In this case, there is no evidence of record that Smith desired to
testify on his own behalf and was prevented from doing so by his lawyer.
The issue was first raised in the presence of the Court during a sidebar
conference after the government rested in the first trial, as follows:
"THE COURT: . . . Before we let [the jury] go, we've got to tell
them what we're going to do tomorrow.
DEFENSE COUNSEL: We're either going to put on a case or not and if
we don't, then we'll go to closing.
THE COURT: Are you going to offer any evidence or not?
DEFENSE COUNSEL: I don't know. I've got to — if my [client]

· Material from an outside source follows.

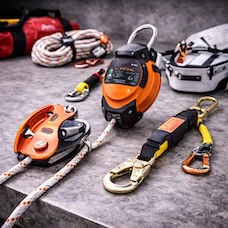 Rednings- og evakueringsutstyr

— my [client] says he wants to testify, but I would like to spend
the night trying to convince him not to testify. That's my humble
opinion, but he's a man of his own opinion and I would just like to have
him colloquied that if he's going to testify then it's against my advice
. . ."
Trial Transcript, January 24, 2000, at 187-88. After a weekend break in
the trial, the defense introduced defendant's bank statements into
evidence and then rested. Smith did not take the witness stand in the
first trial. See Trial Transcript, January 27, 2000, at 54.
During the retrial of May 2000, defense counsel suggested, in the
presence of defendant, that the Court determine on the record whether or
not the defendant wanted to testify. See Trial Transcript, May 10, 2000,
at 111, 116-17. Relying on the Third Circuit's decision in Pennybrooke,
which concluded that "it is inadvisable for a court to question a
defendant directly about his or her waiver of the right to testify,"
Pennybrooke, 65 F.3d at 11, the Court declined to conduct a colloquy on
Smith's decision not to testify. Trial Transcript, May 10, 2000, at 117.
However, the Court did make Smith fully aware of his constitutional right
to testify in his own defense:
"THE COURT: . . . The defendant has certain rights during the trial
and I won't enumerate all of them but one of them is the right to
testify or to refuse to testify . . . These are issues on which
you should have full and frank discussion with your attorney and then
you should decide, based on what your attorney tells you and what
you think is right under all the circumstances after hearing from
your attorney and I'm not going to advise you one way or another."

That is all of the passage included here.